* [THE TASK]:
Repeat the lines from the one containing "Tapis vintage anatolien turc 134 cm x 187 cm" through the last line of the data, exactly, pictures omitted.

* [SUPPLIED ENTRIES]:
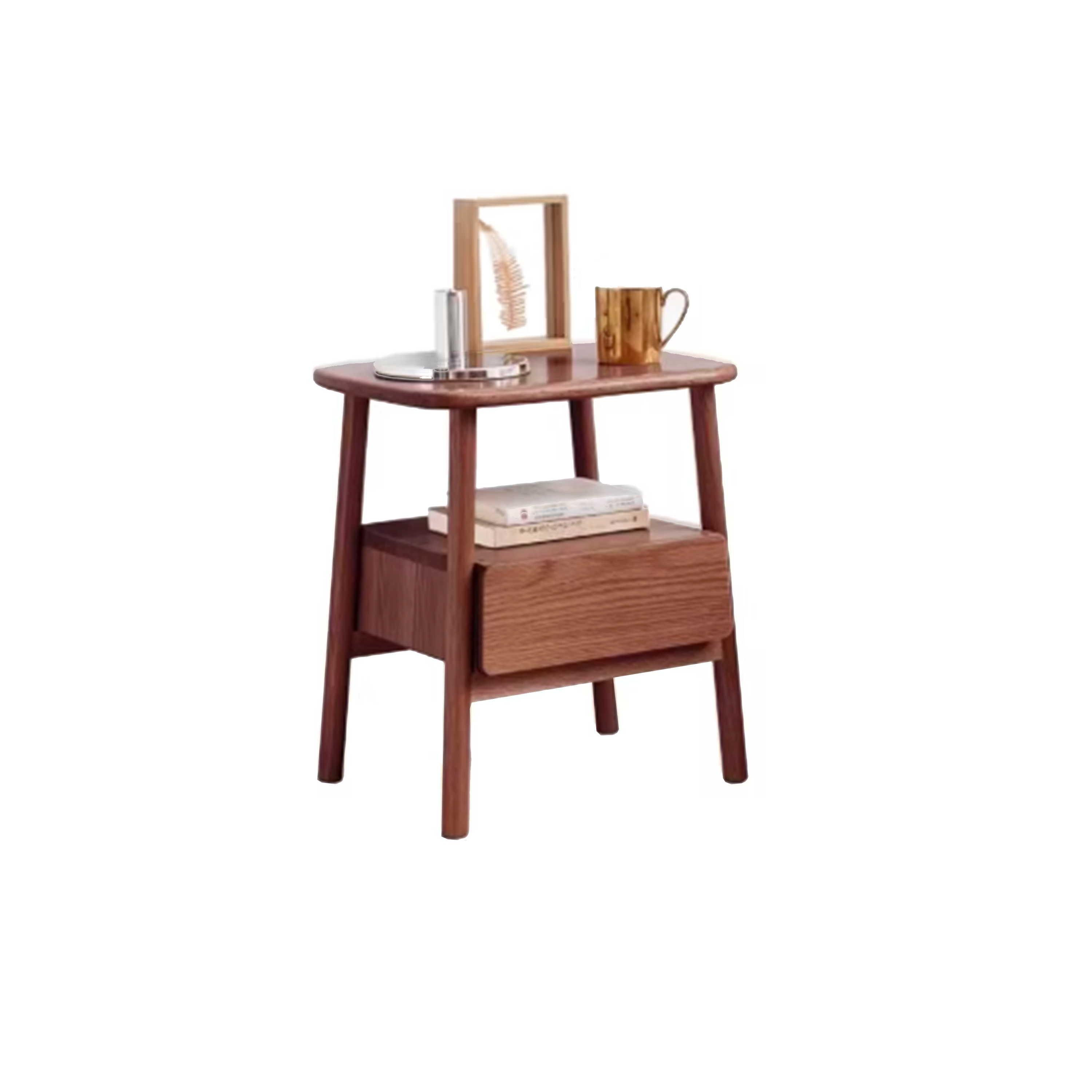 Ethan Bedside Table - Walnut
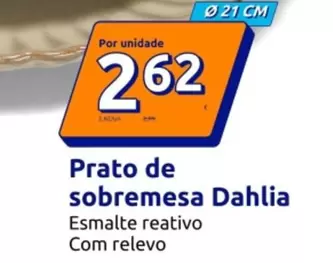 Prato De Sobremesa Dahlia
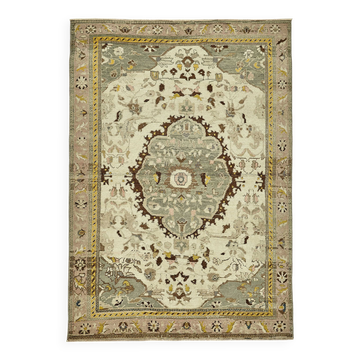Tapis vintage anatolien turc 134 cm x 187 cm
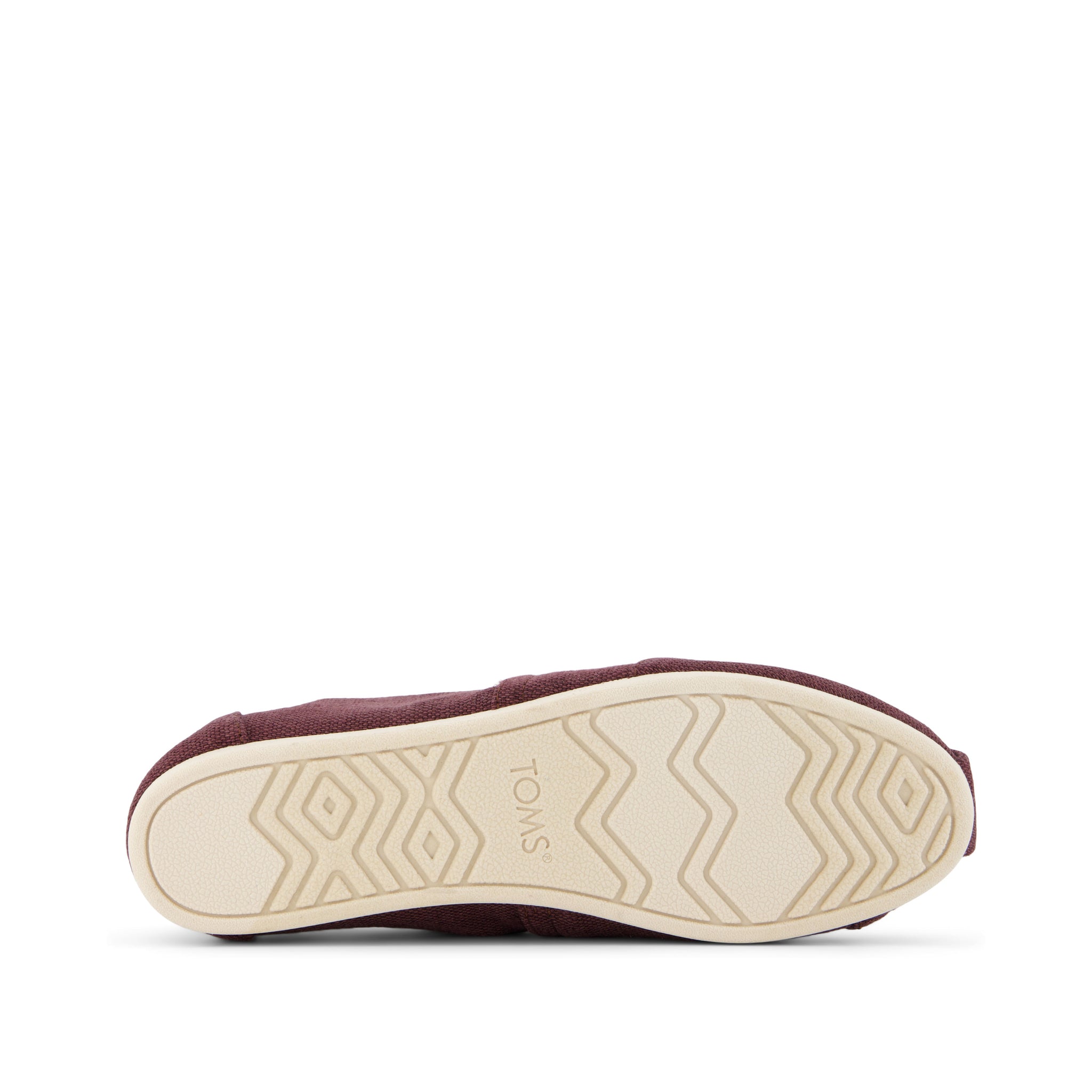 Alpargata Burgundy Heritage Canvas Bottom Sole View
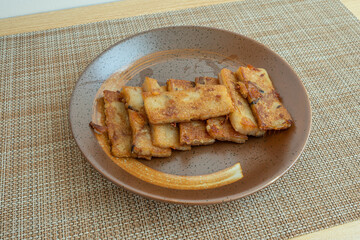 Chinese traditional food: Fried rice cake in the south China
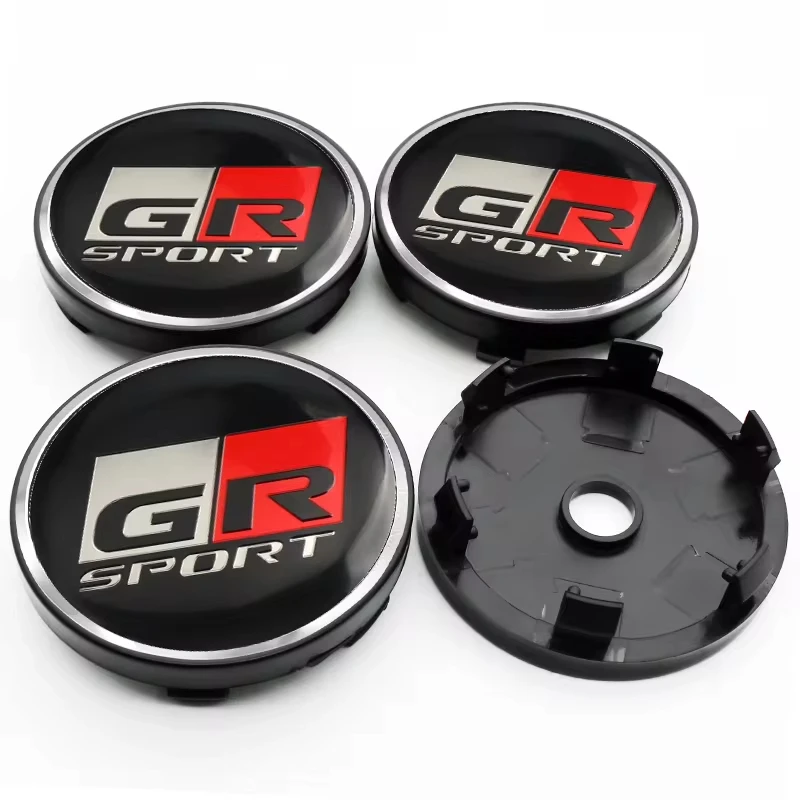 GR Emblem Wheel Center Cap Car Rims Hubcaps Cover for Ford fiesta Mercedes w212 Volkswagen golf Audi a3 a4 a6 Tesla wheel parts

* [TASK ANSWER]:
Tapis vintage anatolien turc 134 cm x 187 cm
 Alpargata Burgundy Heritage Canvas Bottom Sole View
 Chinese traditional food: Fried rice cake in the south China
 GR Emblem Wheel Center Cap Car Rims Hubcaps Cover for Ford fiesta Mercedes w212 Volkswagen golf Audi a3 a4 a6 Tesla wheel parts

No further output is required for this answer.